The idea is to make streets more cycle and pedestrian-friendly

But, ultimately, he adds, it isn’t up to him.

“I’m an advisor – I listen to people and provide solutions,” he explains.

“But I don’t own the roads. The roads are looked after by councils and their ambition and courage is what decides the pace of schemes like this.

“It’s also up to the residents who back those councils, or not as the case might be.

“Nobody else in the country has got this right just yet, but I think that’s because we’re not leading with the right questions.

“It’s not a case of should we be doing it, it’s a case of don’t you think this would make for a nicer place to live?

“Wouldn’t you like the option to not have to drive your kids to school? Wouldn’t it be great if you could move around with less traffic?

“I hope that the people of Levenshulme are willing to give it a chance and see what happens when people are given the choice of not having to drive or allowing our kids to safely play in the streets.”

Providing an update to the scheme, Executive Member for the Environment, Planning and Transport, Councillor Angeliki Stogia, said Manchester Council would be closely listening to feedback from residents.

“This six-month trial will provide evidence to show how an active neighbourhood scheme works in practice for Levenshulme and was always intended to be responsive to residents’ feedback,” Cllr Stogia said.

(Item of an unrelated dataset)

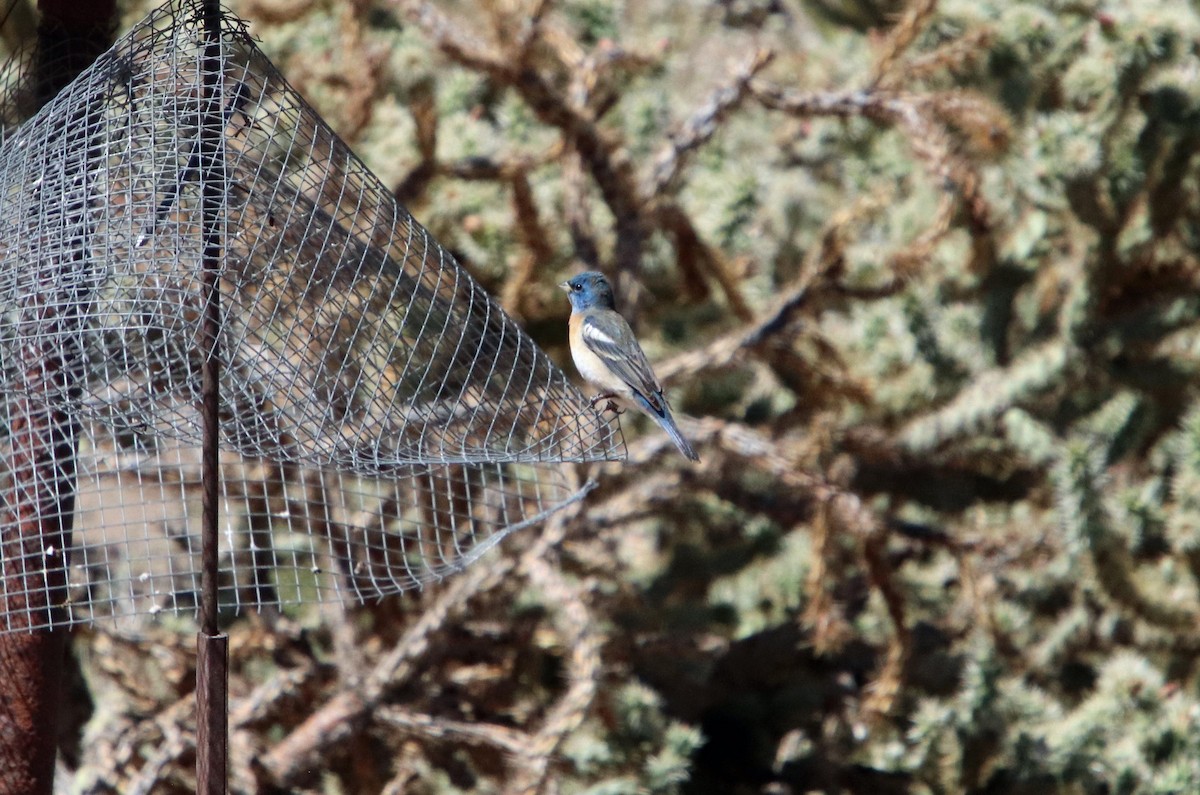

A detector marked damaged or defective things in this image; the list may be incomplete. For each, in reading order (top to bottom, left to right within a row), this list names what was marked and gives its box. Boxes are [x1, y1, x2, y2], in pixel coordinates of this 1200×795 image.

rusty metal pole [0, 3, 113, 792]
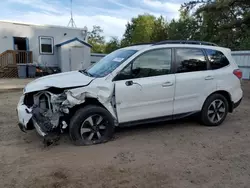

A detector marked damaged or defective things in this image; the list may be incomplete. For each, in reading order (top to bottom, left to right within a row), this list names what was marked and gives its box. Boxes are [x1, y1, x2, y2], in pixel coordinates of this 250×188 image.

crumpled hood [23, 71, 94, 93]
damaged white suv [17, 40, 242, 145]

Manchester Council hopes the trialed filters will show how an active neighbourhood can work for residents

“We know that some members of the community fully support the aims of this scheme, while others have expressed reservations about how it could affect the neighbourhood. That is why we consulted at length prior to installing any planters and only proceeded at locations where a clear majority of those responding were in favour.

“The behaviour of a small number of individuals who have vandalised the planters is unacceptable and particularly disappointing when we consider that this is a scheme which has the potential to significantly benefit the local area.

“Likewise, those who have illegally driven on the pavement have acted appallingly and I urge any residents who witness such dangerous behaviour to contact Greater Manchester Police.

“We’re working hard to give this trial scheme the best chance of success, which is why we want feedback from as many people as possible on all elements of the trial. Please get in touch with us to share your views on the scheme and make sure your voice is heard.”